Voor graaf Willem V was het, 650 jaar geleden, natuurlijk een heel handige manier om snel geld te verdienen voor zijn dure strapatsen: het houden van een leger en een hof met bijbehorende dure dames en edelen. Voor hem kwam de wens dat elk zichzelf respecterend gehucht stadsrecht wenste als een geschenk uit de hemel. De ene na de andere delegatie vervoegde zich met een zak geld deemoedig aan zijn deur en vroeg het recht zich stad te noemen, zoals vandaag de dag alle zichzelf hoogachtende gemeenten zich beijveren voor een nieuw voetbalstadion of een nieuwe schouwburg. Ook daarin kun je trends aanwijzen.
Het heeft onze verre voorouders een godsvermogen gekost: 1550 schilden. Maar dat hadden ze er graag voor over om in een aantal opzichten eigen baas te zijn. Honderd huizen misschien, van hout, de groei moest nog komen, en misschien vijf- zeshonderd bewoners. Dat stadsrecht zal ongetwijfeld aan de groei hebben bijgedragen, hoewel er ook een trek naar de stad was door de pest en economische en agrarische crises die gans Europa teisterden, en die ook aan Hoorn niet voorbijgingen. Windeieren heeft het stadsrecht onze stad niet gelegd. Het leverde ons al snel een plaats in de Staten van Holland. We mogen die eerste Horinezen er nog altijd dankbaar voor zijn.
Joost Cox beschrijft in zijn artikel in welke context die stadsrechten aan Hoorn werden verleend. Hoe het er aan het hof van graaf Willem V aan toe ging. En hoe die arme graaf in hetzelfde jaar dat wij onze stadsrechten verkregen verging: hij kon de spanningen van het ambt niet aan, draaide door en werd ergens met een nog niet herkende burn out in Henegouwen in een fraai kasteel opgesloten. Vervolgens geeft Joost Cox uitleg over de inhoud van de oorkonde, al die regel-tjes voor het bestuurlijk en juridisch reilen en zeilen van de gemeen-schap, die nog immer in het Westfries Archief te vinden is.
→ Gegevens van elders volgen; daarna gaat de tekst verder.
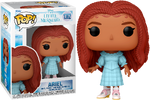 1362. Ariel (Human) (2023's The Little Mermaid) (2023)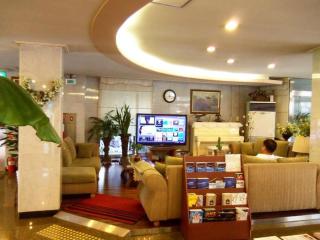 Asia Tourist Hotel - Pyeongtaek - 3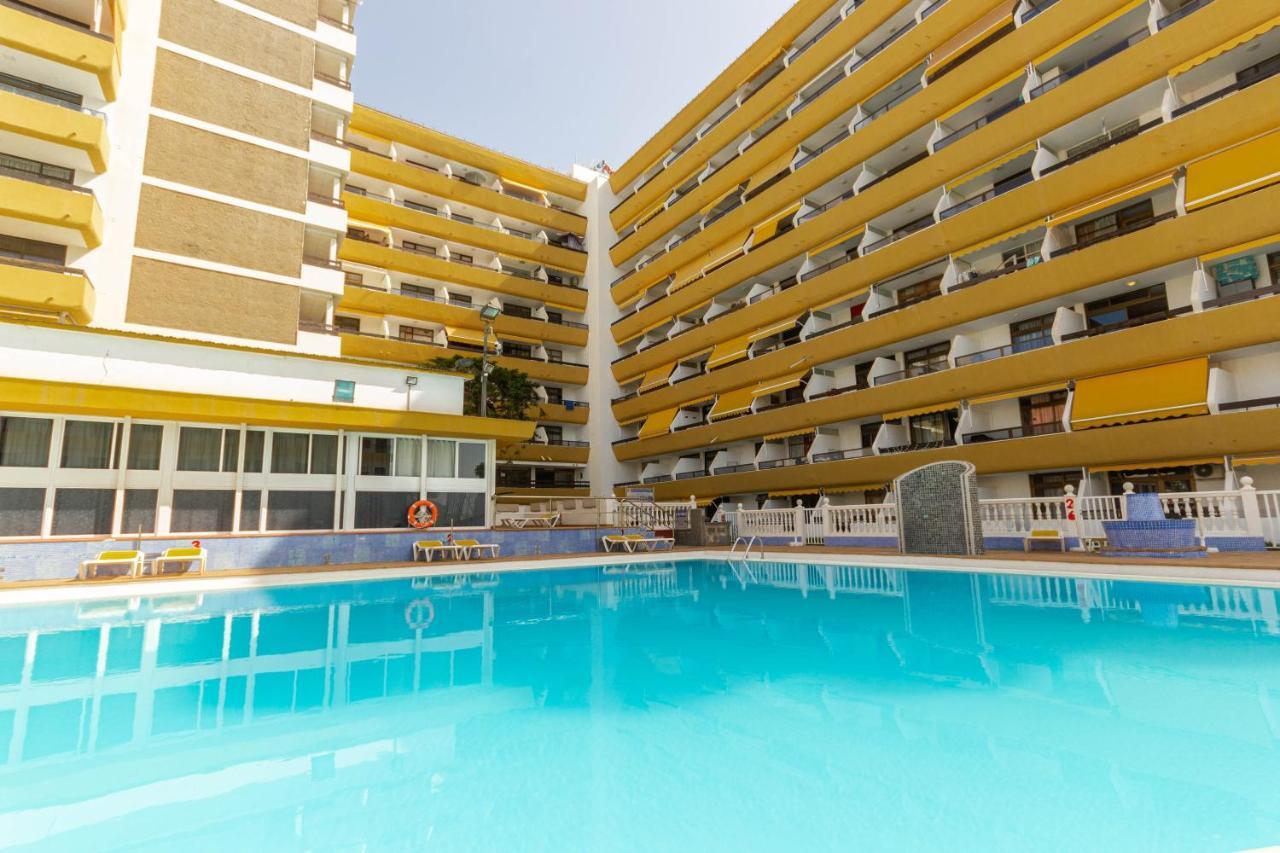 Sand Friendly Holiday Home Playa del Inglés Exterior foto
Daarmee kom ik bij Jan de Bruin van het Westfries Archief. Jan diept de ontstaansgrond en de groei van het kleine Hoorn uit en gaat in op een aantal nog altijd specifieke benamingen, zoals de Gouw en het Keern. De bloei van de stad komt aan bod, maar evenzeer de neergang tegen het eind van de zeventiende eeuw. Jan verhaalt over de aansluiting bij de Opstand, de bestuurlijke zuiveringen, die je vandaag de dag religieuze zuiveringen zou noemen, er is niets nieuws onder de zon, en de even snelle opkomst als afschaffing van de plattelandssteden Berkhout en Wognum, Nibbixwoud, Hauwert tot zelfs het nietige Wadway dat 90 inwoners telde, aan het eind van de 18e en het begin van de 19e eeuw. Dorpen, gehuchten soms, die zich aan de invloed van Hoorn wilden onttrekken. Westfriezen blijven het liefst op zichzelf. Ook vandaag de dag nog.
Waar Joost Cox ons erop wijst dat we ons jaarfeest een jaar te laat vieren, doet Jan in zijn bijdrage ook een leuke duit in het zakje. De Franse overheersers liquideerden in 1811 alle stadsrechten in ons land. Sindsdien bestaan er nog slechts gemeenten. Met andere woorden: we vieren iets dat niet bestaat en doen dat ook nog een jaar te laat.
Dat, dames en heren, is hoe verdrietig ook de bijdrage van de Vere-niging Oud Hoorn aan het feestjaar. Maar mooi geschreven en geïllustreerd. Dat wel.
Ik zou zeggen, laten we ons verdriet verdrinken, maar pas nadat ik de eerste exemplaren van dit fraaie jubileumnummer heb overhandigd aan burgemeester Onno van Veldhuizen, voorzitter van de Stichting Hoorn 650, en de beide schrijvers Joost Cox en Jan de Bruin, met dank voor hun interessante bijdragen.